The Avoyelles Pelican is thought to have begun publication in 1859. At present, the earliest recorded surviving copy of this newspaper dates from October 1861, when it was being edited by Prudent d’Artlys, the pseudonym of Hippolyte-Prudent de Bautte (1821-1861). A native of Normandy, de Bautte was imprisoned in France during the political turmoil of the 1840s for writing incendiary pro-republican articles. After his release, de Bautte emigrated to Louisiana, where he wrote for the magazine La Revue Louisianaise before becoming editor of the newspaper Le Meschacébé [LCCN: sn86079080]. He sold this enterprise in 1857 to fellow political exiles Ernest Le Gendre and Eugene Dumez, then eventually made his way to Marksville.
After de Bautte’s death in October 1861, the Pelican was taken over by Adolphe Lafargue (1818-1869). Born in the town of Orthez in the French Pyrenees, Lafargue worked as a schoolteacher in Natchitoches Parish, professor of French and mathematics at Jefferson College in St. James Parish, and then superintendent of schools in Avoyelles Parish, where he founded Marksville High School and published a newspaper, the Villager [LCCN: sn85034327], in the late 1850s. From 1863, he was assisted in managing the Pelican by his son Arnaud Denis Lafargue (1845-1917), who would later publish the Marksville Bulletin [LCCN: sn88064213].
Extant issues of the Avoyelles Pelican focus on the Civil War, with common topics of discussion including military enlistment, town meetings, home defense, and the Ladies’ Relief Society. The Pelican also carried a mix of general war news, letters from correspondents, and proclamations of military commanders and politicians. Obituaries, legal notices, and advertisements made up a large portion of each issue. Unlike many newspaper editors of his day, Lafargue tried to avoid political disputes, writing in one editorial that “The energies of the Pelican will be devoted to the labor of harmonizing the conflicting elements of parochial politics, so that feuds may sink down in the depths of oblivion’s wave and leave a placid surface for the admiration of society.”

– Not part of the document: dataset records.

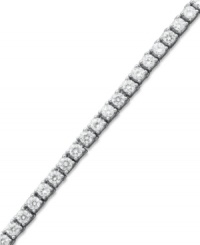 Match point. A seamless row of round-cut diamonds (6 ct. t.w.) epitomize perfection in this stunning tennis bracelet. Crafted in 14k white gold. Approximate length: 7-1/4 inches. Match point. A seamless row of round-cut diamonds (6 ct. t.w.) epitomize perfection in this stunning tennis bracelet. Crafted in 14k white gold. Approximate length: 7-1/4 inches.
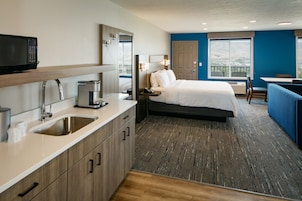 Una habitación de hotel moderna con kitchenette, una cama, un escritorio y vistas al exterior.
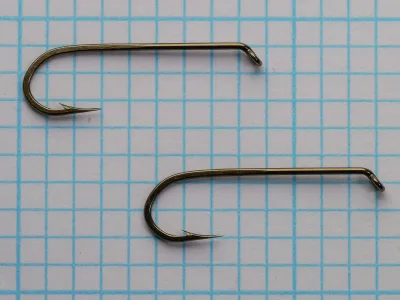 Mustad 79580 Hooks — two size 14 specimens shown for comparison, displaying hook consistency — bronzed finish — measurement grid background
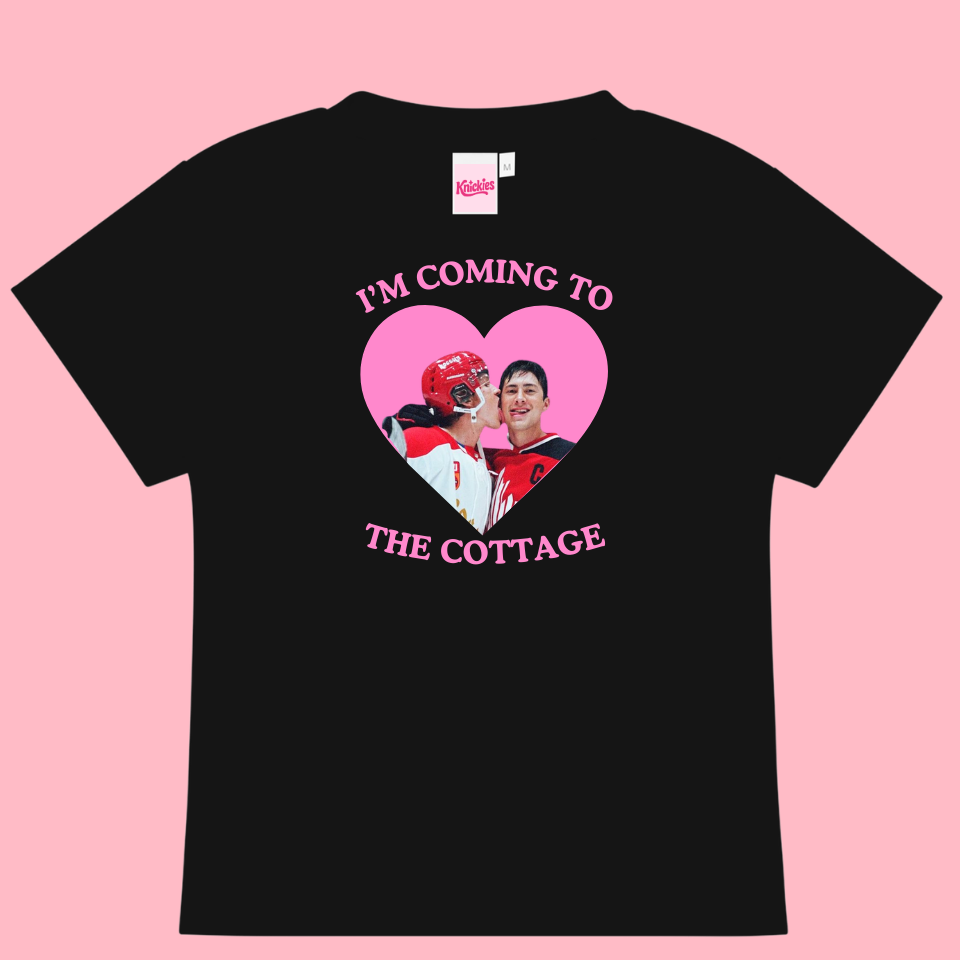 Black t-shirt with a heart-shaped graphic and text on a pink background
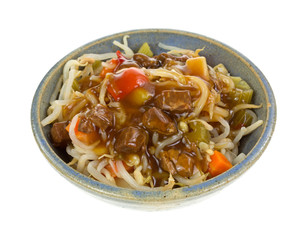 Oriental beef and vegetable meal in a grey bowl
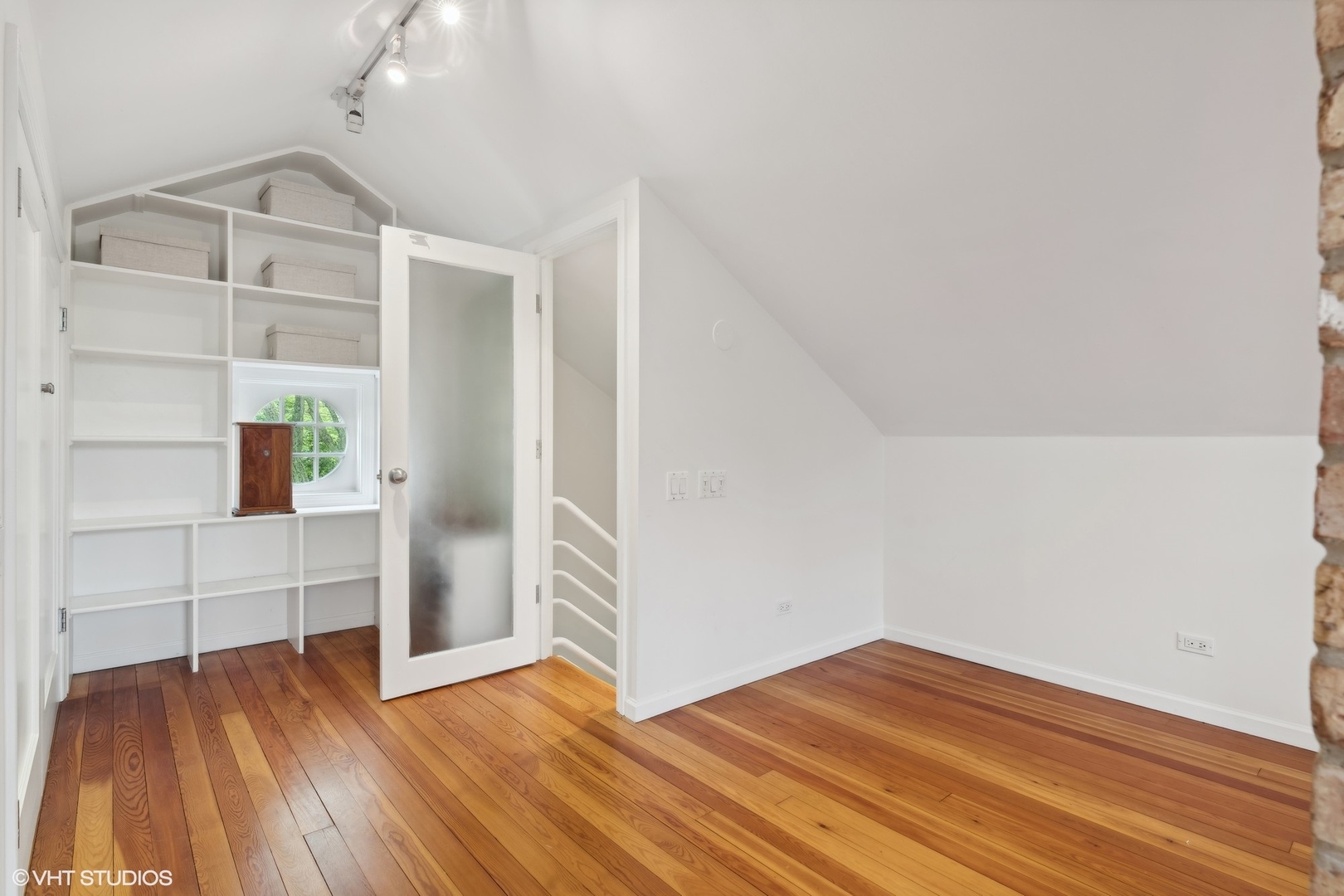 720 Willow Road Winnetka, IL 60093 - Photo 29 of 60 a view of empty room with wooden floor and cabinet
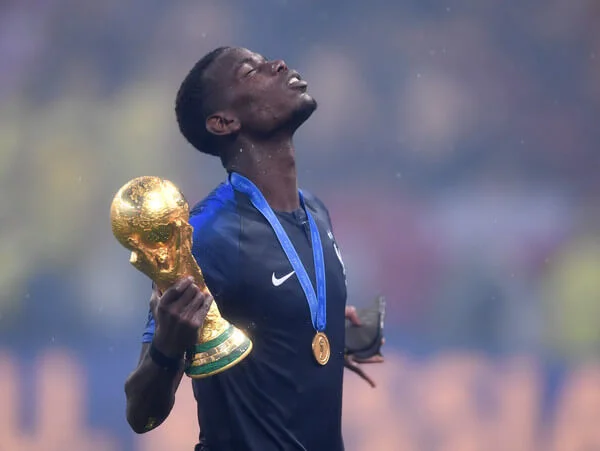 Paul Pogba of France celebrates with the World Cup Trophy following the 2018 FIFA World Cup Russia Final between France and Croatia at Luzhniki Stadium on July 15, 2018 in Moscow, Russia. (July 14, 2018 - Source: Laurence Griffiths/Getty Images Europe)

The Pelican was originally published weekly in four pages, with two in English and two in French. In October 1862, it was reduced to two pages on account of wartime paper shortages. By 1863, most issues, as well as occasional supplements, were being printed on wallpaper. Currently, the last known extant copy is dated January 16, 1864. In August 1865, Adolphe Lafargue revived the Villager after a suspension of five years. No copies of this paper are known to survive, but it may have replaced the Pelican.